A snapshot from 1997: Press releases were distributed via mail or broadcast fax, media databases consisted of gigantic printed directories, self-publishing was a curious endeavor just starting to raise eyebrows, social networking consisted of actually talking with people at a coffee shop or cocktail reception, and the “big houses” of publishing were still kings and the ultimate literary gatekeepers.
Seems like a different world, doesn’t it?
So here are a few predictions I have for 2015 as it relates to the book industry and book publicity.
- Social media and traditional publicity continue merging from co-existence to cooperative marketing. The rapid evolution of social media made some old school publicists nervous, and prompted overstated predictions from online gurus. Social networking replacing traditional publicity? Didn’t happen and won’t happen. The trend, which will continue through 2015, is the seamless implementation of traditional marketing and social media in book promotion. It won’t be an either-or proposition; both will be used more and more.
I still maintain that in most cases, a book can’t be effectively promoted through only social media, but can be through traditional media outreach. However, the best book marketing includes both traditional publicity and proactive social media elements.
- Book marketing services offered by self-publishing companies will continue to expand. As the number of self-published books has skyrocketed, new publishing companies are popping up to take advantage of this boom. But it isn’t just about publishing books. Many self-publishing companies make a good percentage of their revenue by up-selling services, such as marketing. This will continue to expand in 2015. The allure of one-stop shopping can be attractive, with everything from editing and production to marketing done in one place.
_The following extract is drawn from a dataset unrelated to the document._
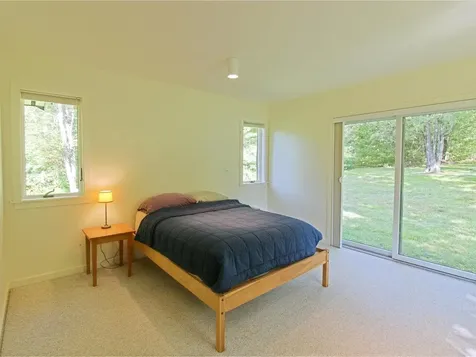 19 Harvey Road Underhill VT 05489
As with any service, authors should conduct their due diligence and determine if an outside publicity agency can do a more effective job of marketing their books than a publishing company.
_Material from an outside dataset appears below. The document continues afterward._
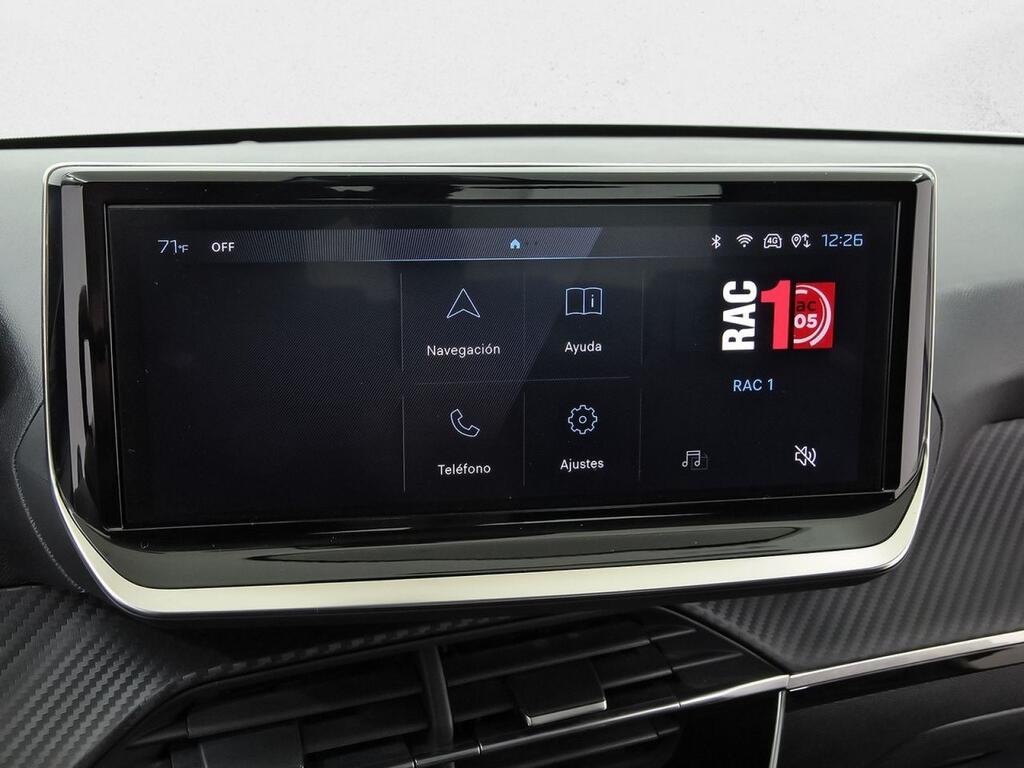 Peugeot 208 Active Puretech 100 22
- Media reliance upon authors and publicists will continue to increase. While staff reductions and closings of newspapers and magazines have slowed, most traditional media outlets are still running on very tight budgets and limited staff, struggling to maintain relevancy in an online-crazy world. If you’re worried about rejections when pitching your book to an editor or producer, remember one thing – they need you as much as you need them. This certainly doesn’t mean you’ll be booked on every show you pitch or featured in every print outlet you contact, but it should help put you in a positive mindset for media outreach.
- Radio establishes itself (again) as a mandatory aspect of most publicity campaigns. Talk radio has long been an author and publicist’s trusted friend. The most approachable and responsive media type, radio interviews were typically a mainstay of book publicity campaigns. In recent years, I’ve heard more and more authors downplay radio interviews, essentially classifying them as the “old” way of promoting a book, and not nearly as effective, exciting or potentially rewarding as social media. As the social media revolution reaches a tipping point in 2015, good old radio will once again be considered essential.
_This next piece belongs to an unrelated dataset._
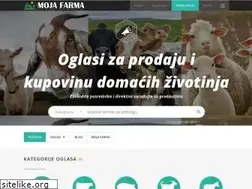 Sites similar to mojafarma.co.rs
- Book-to-screen services hit a wall in 2015. More and more self-publishers and other companies offer “Hollywood” packages for authors in which a film treatment and/or screenplay for a book is developed and pitched to producers, usually at a very hefty price. While I advise authors to consider all marketing options, the book-to-screen service becomes a numbers game. You can see books catch fire and make bestselling lists, but how many have you heard of that actually became films? The ones that do become films are usually discovered by Hollywood, not the result of a pitch.